House prices in Dublin fell by 10 per cent on average last year, and estate agents forecast a further decline of about 4 per cent in 2008.

Apartment owners fared even worse, with the price of second-hand apartments in the capital falling by as much as 17 per cent.

There are about 40,000 vacant apartments in Dublin which are "causing concern that prices have some way to correct before activity is restored and prices are stabilised," according to the annual price survey of the Irish Auctioneers and Valuers Institute (IAVI).

It was reported last November that there are 10,000 new vacant apartments in Dublin.

The report has not been uploaded on the IAVI website.

Price falls reported by IAVI members effectively wiped out all the gains made by the market in 2006.

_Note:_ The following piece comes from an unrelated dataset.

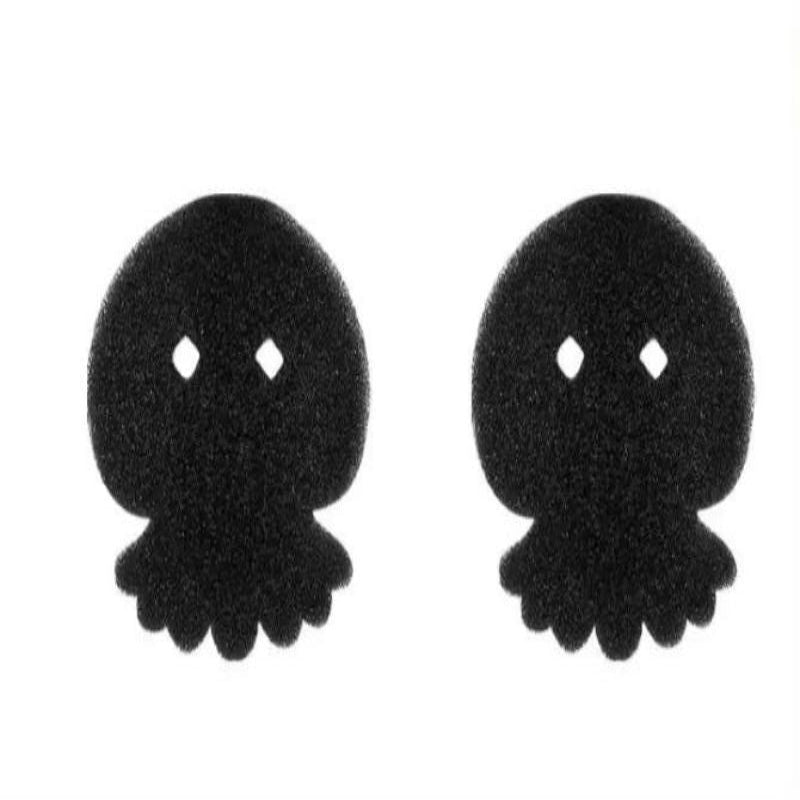 A black sponge shaped like a bear is shown being used to pick up pet hair from a beige surface, demonstrating its use as a cleaning tool.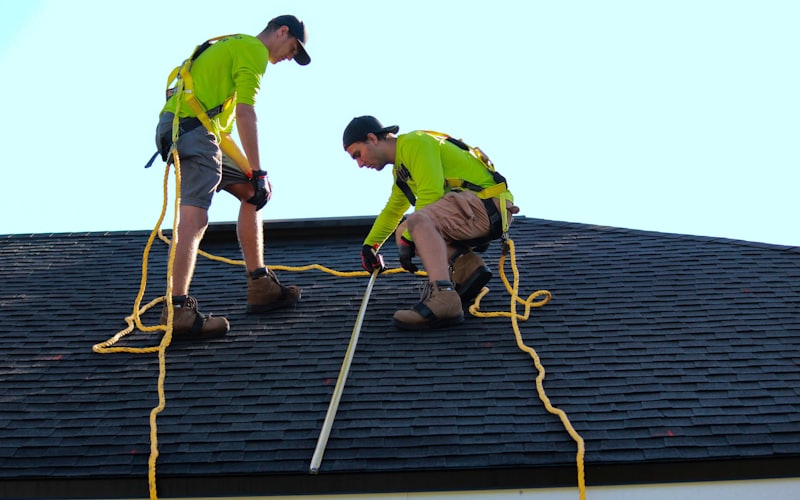 Workers on a shingle roof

House prices in Dublin fell by 10 per cent on average in 2007 and estate agents forecast a further fall of about 4 per cent in 2008.

Apartment owners fared even worse, with the price of second-hand apartments in the capital falling by as much as 17 per cent.

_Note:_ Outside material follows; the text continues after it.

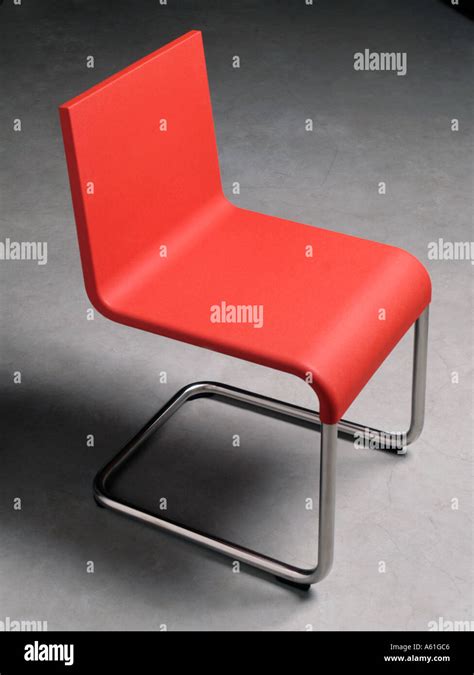 Modern Red Plastic Kitchen Chair On A Concrete Floor Design By Dutch
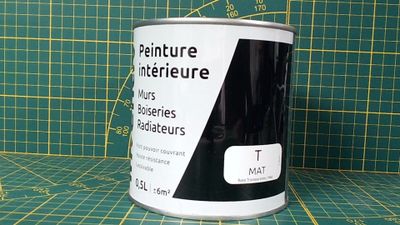 un pot de peinture posé sur un tapis de découpe, à côté d'une règle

Activity levels in Dublin dropped by between 15 and 60 per cent, depending on the market segment.

Aside from apartments, prices for homes at the higher end of the Dublin market - between €4 million and €7 million - fell 20 per cent in 2007.

The report says that "members are unanimous in agreeing that this reflects a correction of unrealistic price levels during 2006".

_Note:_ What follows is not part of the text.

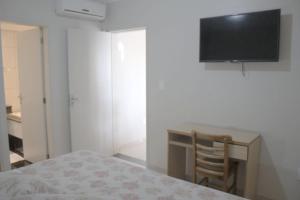 Schlafzimmer mit einem Schreibtisch und einem TV an der Wand in der Unterkunft Al-Manara Hotel in São Borja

Estate agents from outside Dublin also reported that prices did not fall as badly as in the capital.

The value of residential sites dropped by between 10 and 15 per cent outside Dublin, and by 16 to 19 per cent in the capital.

Rents, however, continued to rise, according to the IAVI data, increasing by between 3.3 and 4.2 per cent across the country.

IAVI president Robert Ganly commented: "Overall, I would say to people that the market is beginning to stabilise. The worst is over."

He said that the absence of further rises in interest rates and the reformed stamp duty regime to provide some support, alongside "strong latent demand from young couples who put off purchasing in 2007".

While prices would continue to fall in 2008, "this levelling off should begin to reverse itself in early 2009, and we would hope to see the property market growing again some time during that year".

However, the report says investors are likely to be more cautious about re-entering the market, limiting growth rates in prices in the immediate future.

Ganly said the impact of the Government's stamp duty reforms had yet to be felt.

"We feel that these will have a measurable, positive impact on the residential market, although there is more that the Government could do to help other sectors," he said.